INPUT RECORDS.

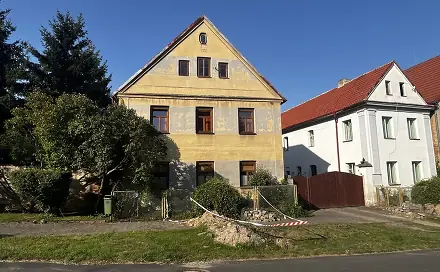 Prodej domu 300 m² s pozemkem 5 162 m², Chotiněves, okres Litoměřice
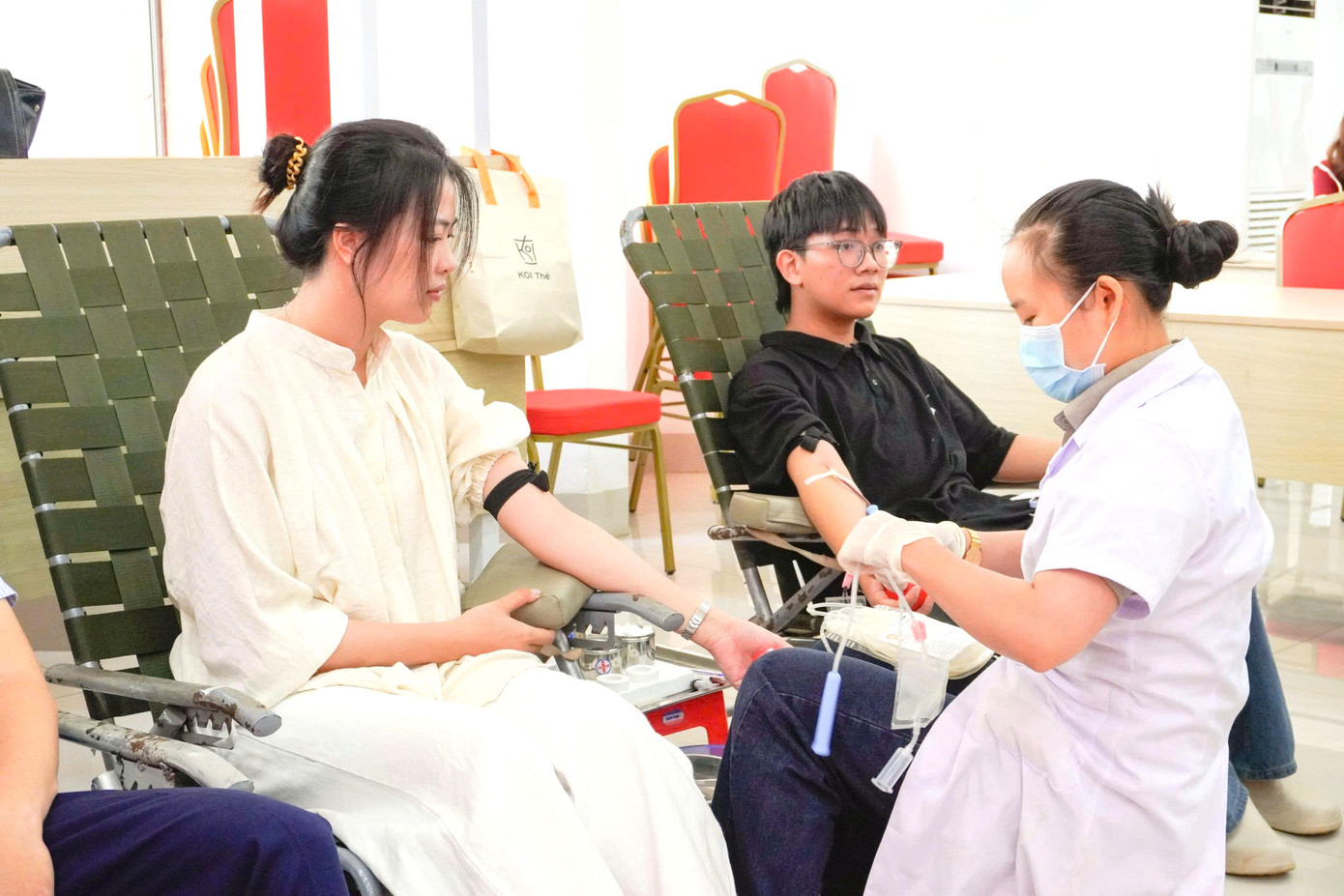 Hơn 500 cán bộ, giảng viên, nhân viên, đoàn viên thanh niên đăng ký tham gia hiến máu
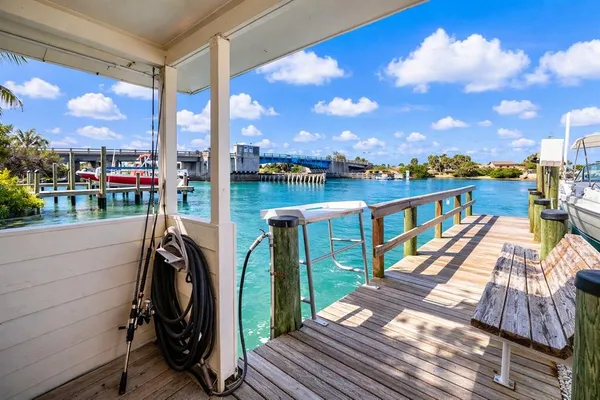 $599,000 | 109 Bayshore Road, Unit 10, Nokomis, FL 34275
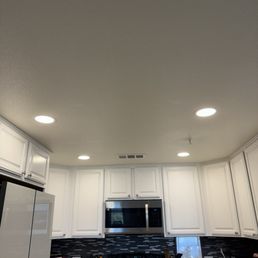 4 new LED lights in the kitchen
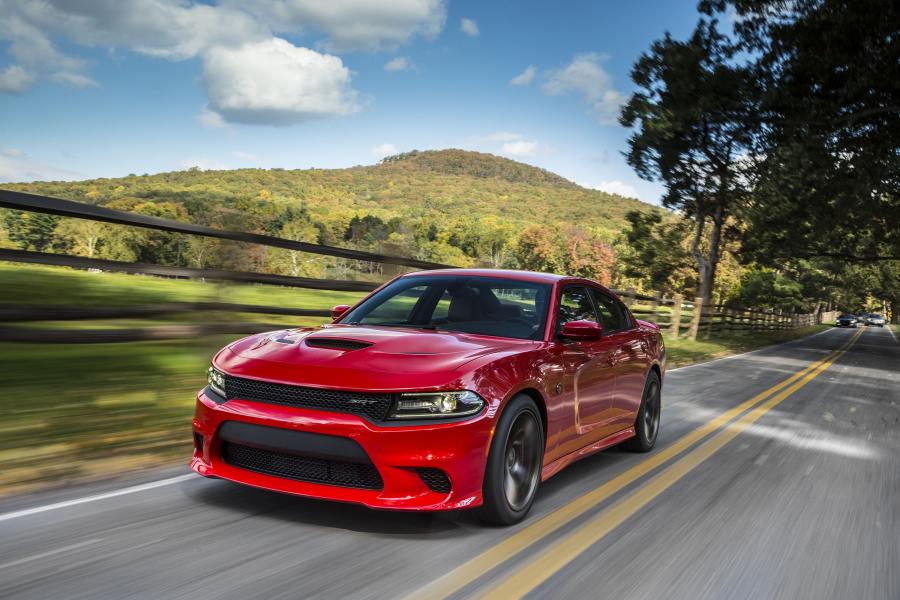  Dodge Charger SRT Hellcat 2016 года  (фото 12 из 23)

TASK DETAILS.
The preceding entries should be duplicated word for word; no picture belongs in the copy.

ANSWER BOX.
 Prodej domu 300 m² s pozemkem 5 162 m², Chotiněves, okres Litoměřice
 Hơn 500 cán bộ, giảng viên, nhân viên, đoàn viên thanh niên đăng ký tham gia hiến máu
 $599,000 | 109 Bayshore Road, Unit 10, Nokomis, FL 34275
 4 new LED lights in the kitchen
  Dodge Charger SRT Hellcat 2016 года  (фото 12 из 23)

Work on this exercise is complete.